The research house said this is because REITs have remained largely unscathed in both their underlying business and valuations.
“Still, we see selective opportunities following recent market volatility driven by the ongoing US tariff headlines and global trade uncertainties, with REITs remaining largely unscathed due to their resilient business model, while offering decent dividend payouts of 5% to 7.5% across the sector,” the research house said.
Noting that the upside for certain large-cap names in the sector may have been adequately priced into their share prices, Kenanga Research said it continued to see opportunities in selective REITs.
“Our current top picks are Sunway Real Estate Investment Trust (Sun-REIT) underpinned by its earnings expansion from the Sunway Pyramid and Sunway Carnival malls.

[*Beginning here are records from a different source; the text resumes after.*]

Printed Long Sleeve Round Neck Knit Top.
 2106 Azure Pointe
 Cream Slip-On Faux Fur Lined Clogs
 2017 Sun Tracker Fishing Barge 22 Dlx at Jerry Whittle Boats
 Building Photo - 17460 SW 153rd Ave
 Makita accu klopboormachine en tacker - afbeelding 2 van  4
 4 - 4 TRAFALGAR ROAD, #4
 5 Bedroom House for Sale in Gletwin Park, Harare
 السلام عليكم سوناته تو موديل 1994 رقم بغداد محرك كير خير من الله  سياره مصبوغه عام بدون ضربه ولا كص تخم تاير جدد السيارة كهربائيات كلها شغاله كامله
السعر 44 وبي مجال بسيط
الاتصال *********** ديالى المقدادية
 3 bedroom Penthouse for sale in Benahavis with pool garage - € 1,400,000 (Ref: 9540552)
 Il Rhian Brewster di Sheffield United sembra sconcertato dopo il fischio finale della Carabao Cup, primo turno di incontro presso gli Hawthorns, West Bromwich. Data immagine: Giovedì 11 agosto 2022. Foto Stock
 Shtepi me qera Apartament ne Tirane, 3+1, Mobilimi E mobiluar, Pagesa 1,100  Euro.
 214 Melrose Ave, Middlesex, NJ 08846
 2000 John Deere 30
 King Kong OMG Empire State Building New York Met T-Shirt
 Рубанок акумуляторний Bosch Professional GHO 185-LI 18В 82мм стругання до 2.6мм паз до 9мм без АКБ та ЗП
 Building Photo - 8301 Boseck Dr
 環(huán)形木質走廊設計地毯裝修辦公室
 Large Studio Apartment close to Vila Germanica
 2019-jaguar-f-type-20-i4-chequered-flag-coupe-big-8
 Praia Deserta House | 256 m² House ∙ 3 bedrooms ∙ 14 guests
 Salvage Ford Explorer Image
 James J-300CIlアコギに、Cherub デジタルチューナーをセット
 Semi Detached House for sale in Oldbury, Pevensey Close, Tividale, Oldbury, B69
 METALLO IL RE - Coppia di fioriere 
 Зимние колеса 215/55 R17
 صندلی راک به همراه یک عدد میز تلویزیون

“We also highlight Capitaland Malaysia Trust (CLMT) as we believe its recent share price pull-back is unwarranted after meeting with the new management, backed by its above-average 7% plus dividend yield,” the research house said.
Meanwhile, CIMB Research said REITs are set to perform well this year, offering strong distribution yields of between 5% and 9.1% amid market volatility driven by ongoing trade tensions that increased investor caution.
The research house said, as of April 2, Malaysian REITs had outperformed the FBM KLCI on a year-to-date basis, registering a 1.8% drop year-on-year (y-o-y), compared with the FBM KLCI’s y-o-y decline of 7%.
It has “buy” calls on both Axis-REIT and Sunway-REIT with target prices of RM2.13 and RM2.11 a share, respectively.